Perception is defined as the process of organization, identification, and interpretation of sensory information to perceive the environment. Visual perception is known to involve the sensorimotor system of the brain and VR-based setups can modulate neural oscillations and reveal the underlying process. Neural oscillation, which can be monitored with neurophysiological recordings, can assist to understand the correlates of perception.
Visual space is known to accompany a series of perceptual thresholds with functional sub-divisions and thus linked to behavior. Neuroimaging studies expose that visual perception of manipulable objects is related to motor capacities. Wamain et al. [14] studied the process of motor coding of visual objects in peripersonal space. The centro-parietal region was studied while perceptually judging the intrinsic or extrinsic properties of visual objects. The desynchronization of Mu rhythm was observed 300 ms after the object was presented. The results indicated that motor coding was dependent on the goal of the perceptual task.
The neural correlates of auditory distance perception are of interest to researchers. The spatial attributes are known to be correlated with the recognition of acoustic patterns. Mathiak et al. [41] tried to understand the neural mechanisms of auditory distance perception using MEG signals as variations in amplitude over both supratemporal planes. Hemispheric lateralization was indicated by enhanced pre-attentive responses over the right temporal lobe. It shows that the pre-attentive neuronal basis of amplitude discrimination is selective to spatial encoding. This helped to understand the temporal multisensory matrix that promotes the integration of spatial information across visual and auditory modalities.
Cheetham et al. [42] partially replicated Milgram’s obedience paradigm in VR in which, a virtual female was pained by the participant while observing her suffering. The event-related fMRI data was acquired and studied during the observation of pain, which showed a distinct pattern of brain response with pain-related behaviors together with an aversive state of personal distress (Figure 5).

3.4. Sense of Presence

Sense of presence in virtual environments is defined by an experience that provides a perception of being in a different environment than the actual. Studying the neural correlates of the sense of presence is of particular importance to researchers. Neural correlates of spatial presence can be studied with a combination of VR and EEG setup as performed by Baumgartner et al. [43], with virtual roller coaster scenarios. Besides, they used psychophysiological and psychometric measures to understand the responses. The results showed that in adolescents, activation increases in prefrontal areas, which are involved in the control of executive functions. However, in children, a decrease in activity was observed, which implies that frontal cortex functions are not fully developed in them.
Slobounov et al. [44] compared EEG correlates of a fully immersive 3D scene of spatial navigation with a 2D version and found that 3D needs a higher subjective sense of presence with the allocation of more brain and sensory resources.
Kober and Neuper [45] assessed the presence of participants in VR using auditory event-related potentials of the EEG in a virtual city. They observed that decreasing late negative slow wave amplitudes corresponded to increased presence experience. It was associated with central stimulus processing and allocation of attentional resources, and frontal negative slow waves thus were able to accurately predict the presence.

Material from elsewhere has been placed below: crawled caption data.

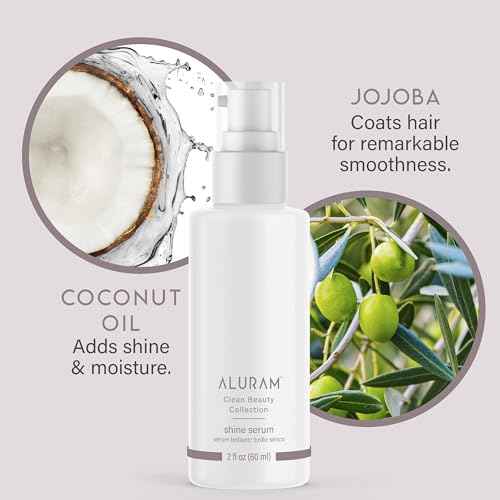 ALURAM Coconut Water Shine Serum, Frizz Elimination & Radiant Gloss for All Hair Types, 2 Fl Oz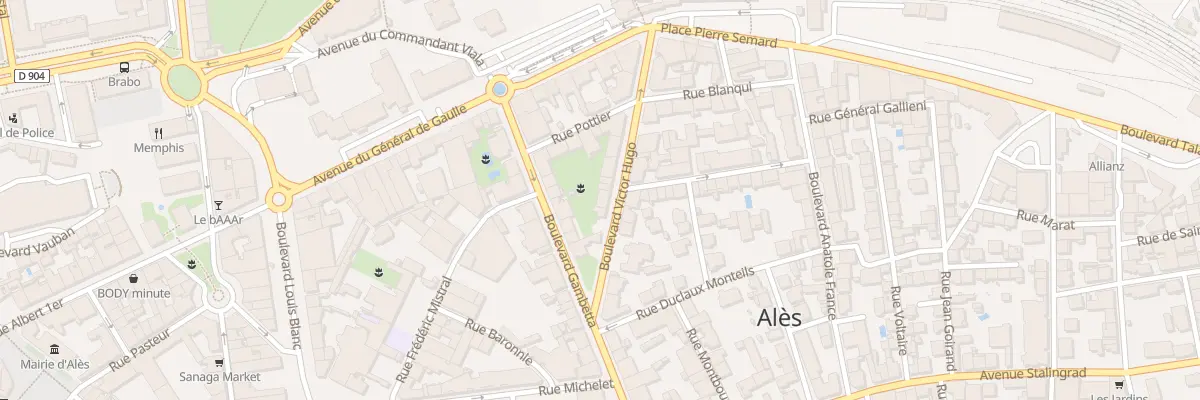 Plan du 9 Bd Victor Hugo à Alès
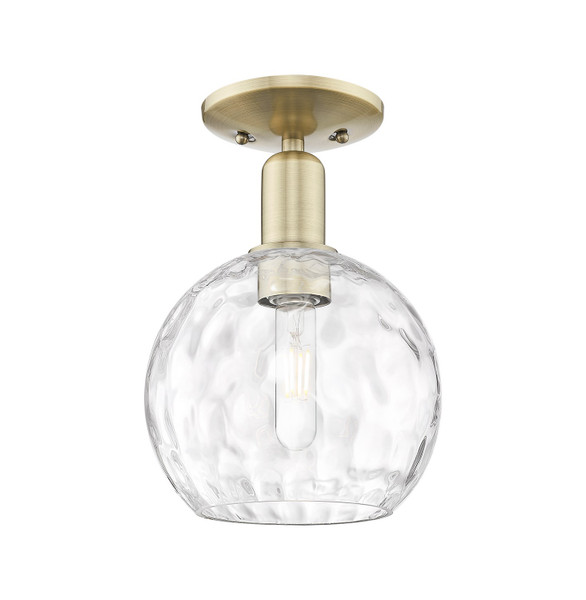 Innovations - 716-1C-AB-G1215-8 - One Light Semi-Flush Mount - Arcadia - Antique Brass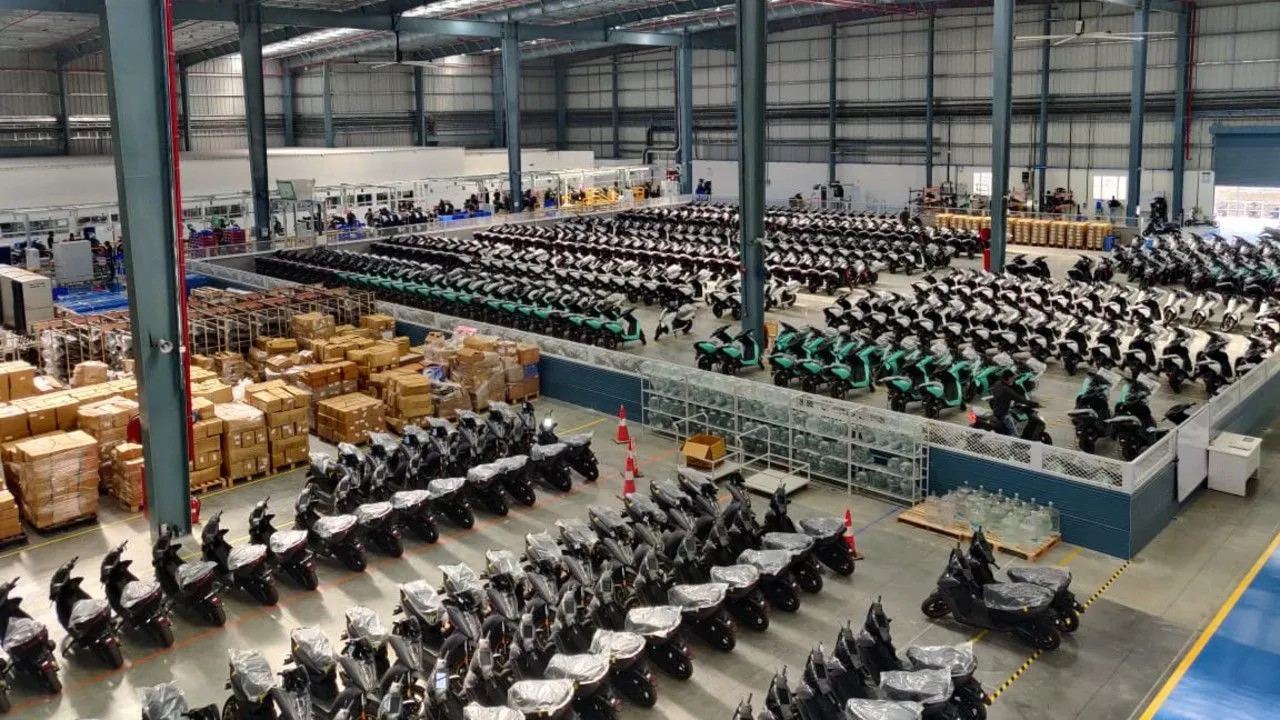 Ather Energy Manufacturing Facility Hosur Tamil Nadu M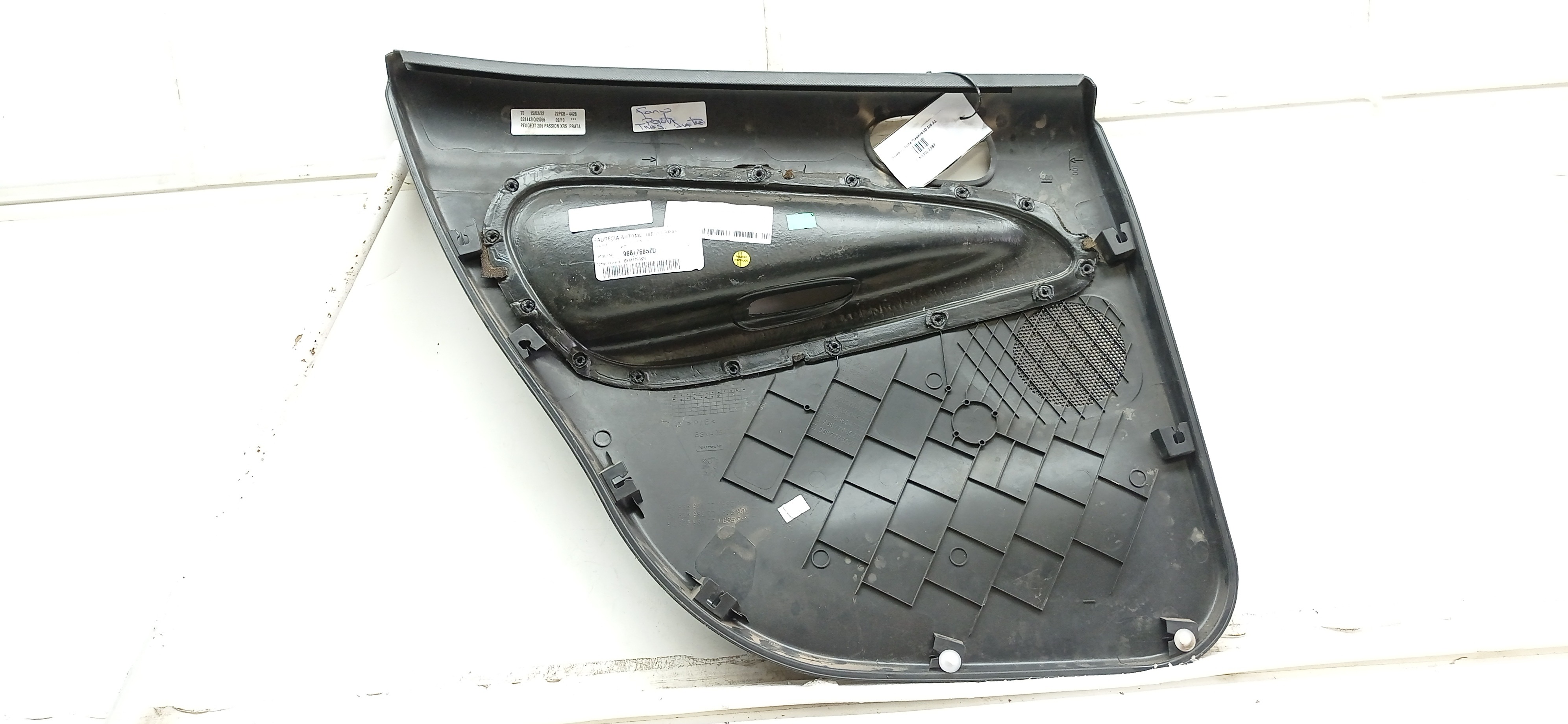 FORRO PORTA TRASEIRA LD PEUGEOT 206 2010 2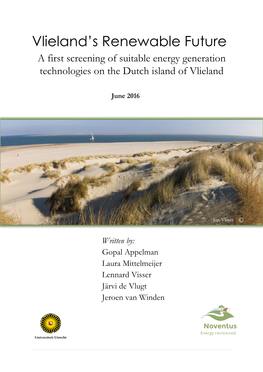 Vlieland's Renewable Future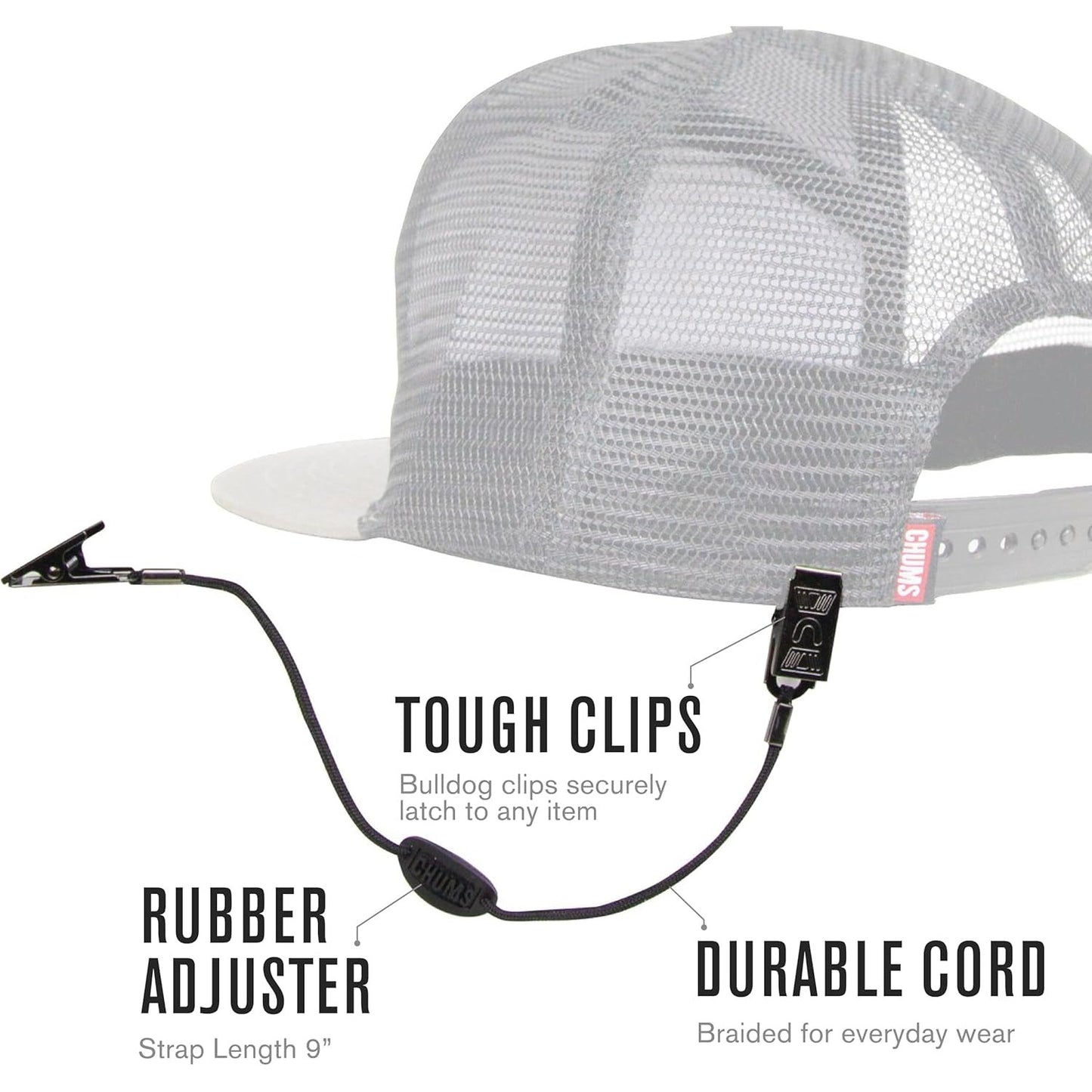 Chums Cap Retainer Hat Clip Adjustable Hat Holder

3.5. Spatial Navigation and Memory

Neural correlates of spatial navigation and memory-based experiments can be performed by combining VR with neuroimaging studies. Kober et al. [13] analyzed theta oscillations with EEG recording during spatial navigation in virtual environments, with a virtual maze. They observed absolute band power and event-related desynchronization/synchronization to see sex differences and reported that in the processing of navigational aid as landmarks, females showed stronger theta oscillations than men, which can indicate that females may have stronger sensorimotor integration. Similarly, Clemente et al. [46] studied the navigation control with VR-based stimulations, for which they observed the EEG activity of the right Insula for the theta band oscillation. They performed a free navigation experiment in a virtual environment, which was compared with video and photographs. They observed a significant difference between the navigation and video conditions in the right Insula activity for theta band oscillation, which is associated with stimulus attention and self-awareness processes.
Slobounov et al. [47] worked with 15 athletes having a mild traumatic brain injury, with a paradigm of the navigable virtual corridor. The BOLD response showed that concussed subjects have larger cluster sizes during encoding at the parietal cortex, right hippocampus, and the right dorsolateral prefrontal cortex. Hung et al. [48] observed a compromised speed control during basic driving conditions in cerebellum-damaged drivers. They used fMRI with VR-based driving simulator and studied motor-speed coordination in basic driving maneuvers. They observed a significant negative correlation between the mean cerebellar activation and the average time to complete right turns, which shows compromised motor coordination.
Ehinger et al. [49] observed a modulated alpha activity in spatial navigation due to kinesthetic and vestibular information, which was provided through a VR system in which the subject was traversing on a triangular path. Through EEG data, they observed an alpha suppression during turning movement, in parietal, occipital, and temporal clusters. This shows an increased requirement of visuo-attentional processing, thus exposing the neural correlates of spatial navigation. Araujo et al. [50] used MEG with VR-based navigation in town and studied the alpha and theta band activity. During navigation tasks, theta power was observed as strongest but, during control, no consistent increase in theta power was observed (as shown in Figure 6), thus showing a link between navigation and theta activity.
The approach has applicability in performing memory-based experiments also. Jaiswal et al. [51] used a VR setup and observed modulation in EEG signals to compare encoding with the retrieval of visual-spatial information in working memory. The VR system provided a virtual corridor, with a sense of presence to the subjects, in which, they were able to freely navigate using their right thumb in multiple directions. They observed that theta activity increased during encoding when compared with the retrieval process (as shown in Figure 7). Further, the alpha activity was found to be significantly higher for retrieval than in the encoding process. This implied that more cerebral effort is required in the encoding of working memory than in retrieval.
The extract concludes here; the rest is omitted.